The city of Gela on the south coast of Sicily is famous for a number of things, none of them very savoury. It has a petrochemicals plant that turns the sky black and the sea rust-red. It hosts a lively vendetta between Mafia families, whose members rub out each other with guns and bombs at frequent intervals.
Gela is also the home of Italy's first naked news programme, where the anchorman reads the news while local women strip, dance and kiss him. The Catholic Church and the Mafia have both denounced the programme. "An evil act of delinquency," stormed Gela's parish priest. "Woman is sacred to the Mafia," declared a mob spokesman. "Her place is at home, ironing her husband's clothes, not in a television studio, removing her own."

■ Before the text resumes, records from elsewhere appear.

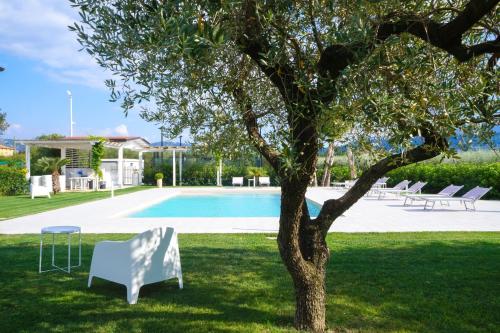 a tree in the grass next to a swimming pool at Biancolivo Country House in Altavilla Silentina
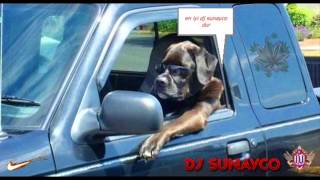 DJ SUNAYCO ft CEZA  BU SEHIR INSANI 20113 Resimi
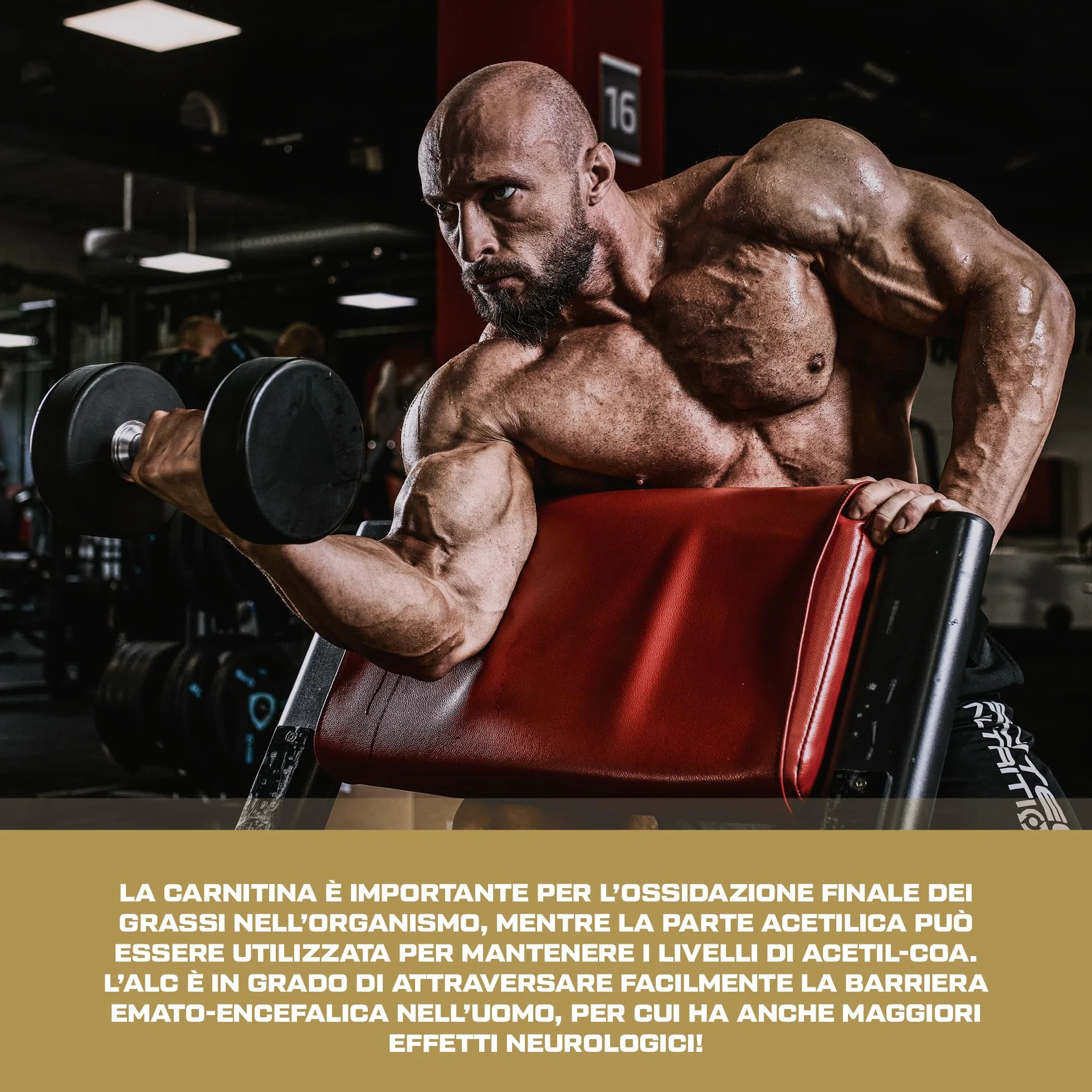 Scitec Nutrition Hyper Carnitine - 1000 mg di Acetil L-Carnitina per un'integrazione attiva di L-Carnitina, 120 Capsule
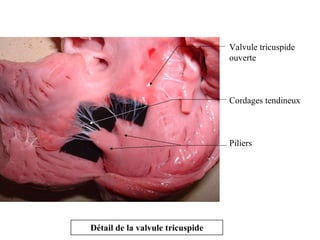 Détail de la valvule tricuspide Valvule tricuspide ouverte Cordages tendineux Piliers 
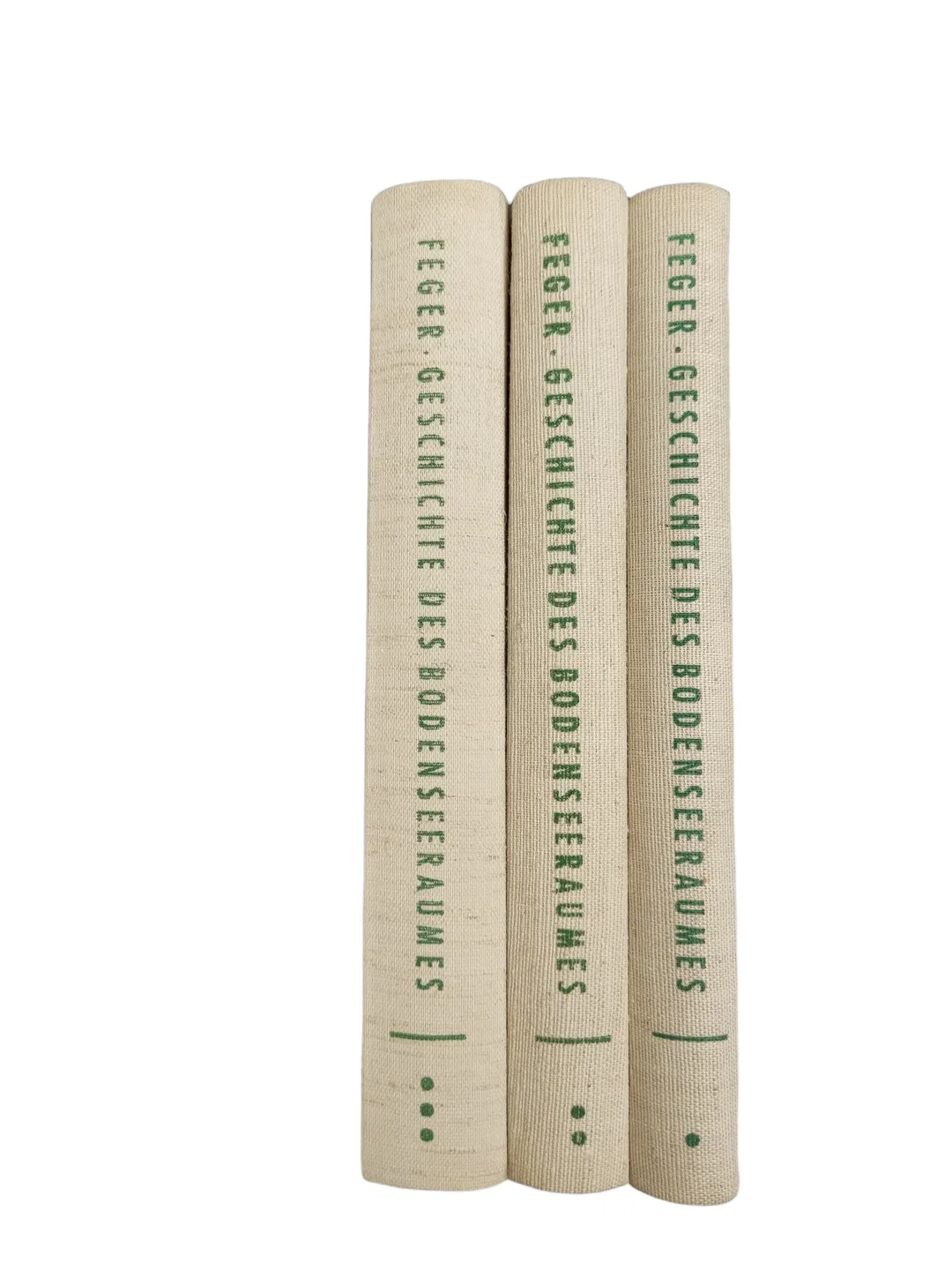Buch Otto Feger 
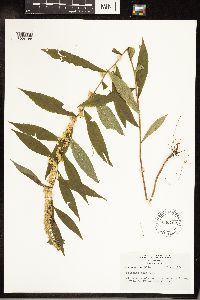 Solidago caesia image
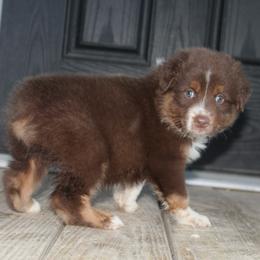 MadHatter - Red tri-color male Australian Shepherd puppy in Star City, Arkansas from Blush & Lace Aussie Co.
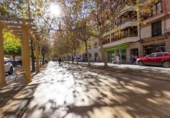 Oficinas en alquiler con 16m² en Orihuela, Calle Luis Barcala foto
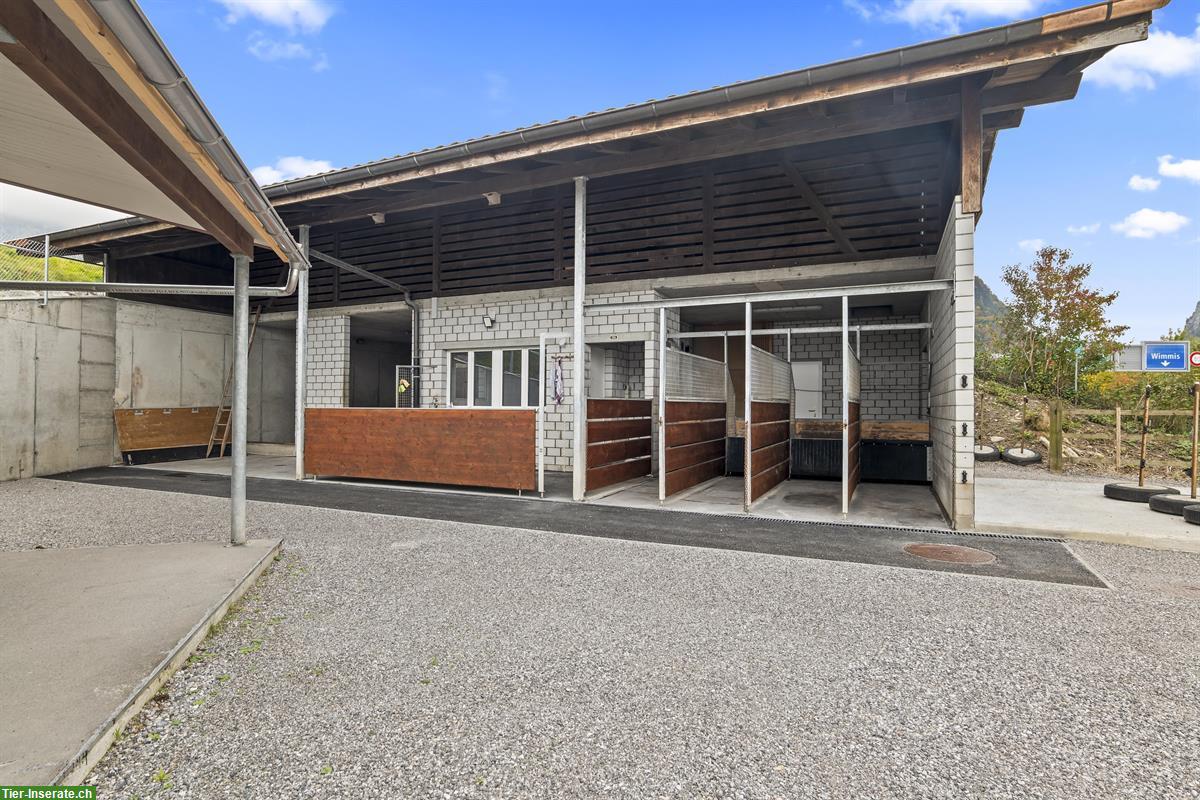 Bild 2: Charmante, kleine Reitanlage mit viel Privatsphäre zu vermieten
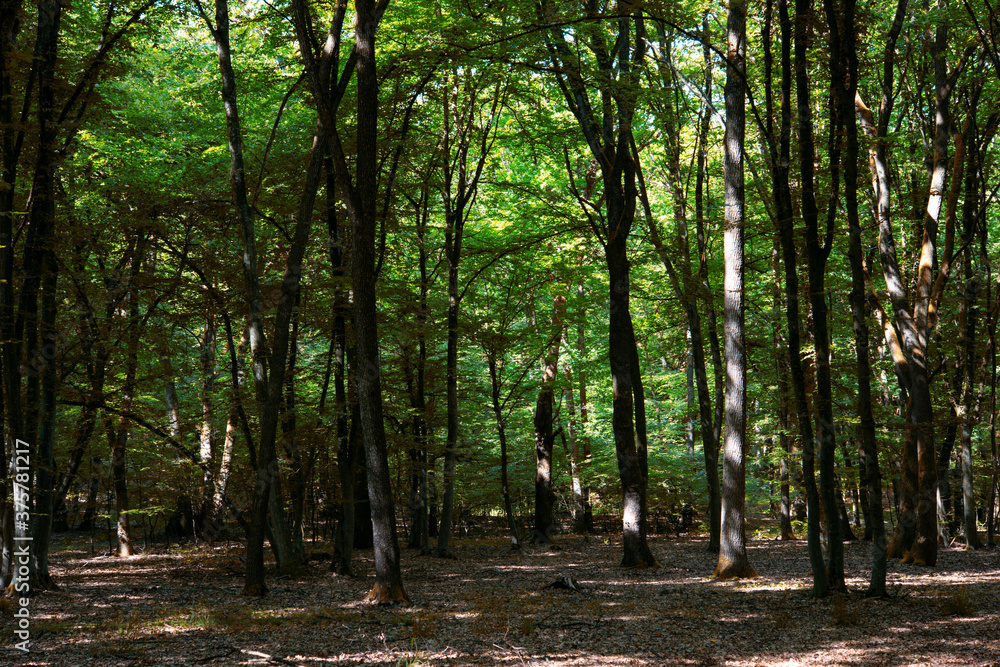 traveling through green forests on a beautiful summer day and admiring the sun's rays passing through the leaves traveling through green forests on a beautiful summer day and admiring the sun's rays passing through the leaves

But Gela's appetite for notoriety is not sated. This week, the city became the first in Italy to elect an openly homosexual mayor. "After Paris and Berlin," said Arcigay, a gay leftist organisation, "now it's Gela's turn". Rosario Crocetta, the triumphant candidate from the centre-left, lost the election 10 months ago to Silvio Berlusconi's Forza Italia party, but only by 107 votes. He challenged the result in the courts, then waited. When the stress of waiting became intense, he said, he checked into a hotel and read the Persian love poetry of Jalaluddin Rumi.
His opponent waged a nasty campaign, Mr Crocetta said, "but Gelites are mature. I will struggle against marginalisation of every kind." Around him the champagne corks popped – a welcome change from the Mafia's bombs.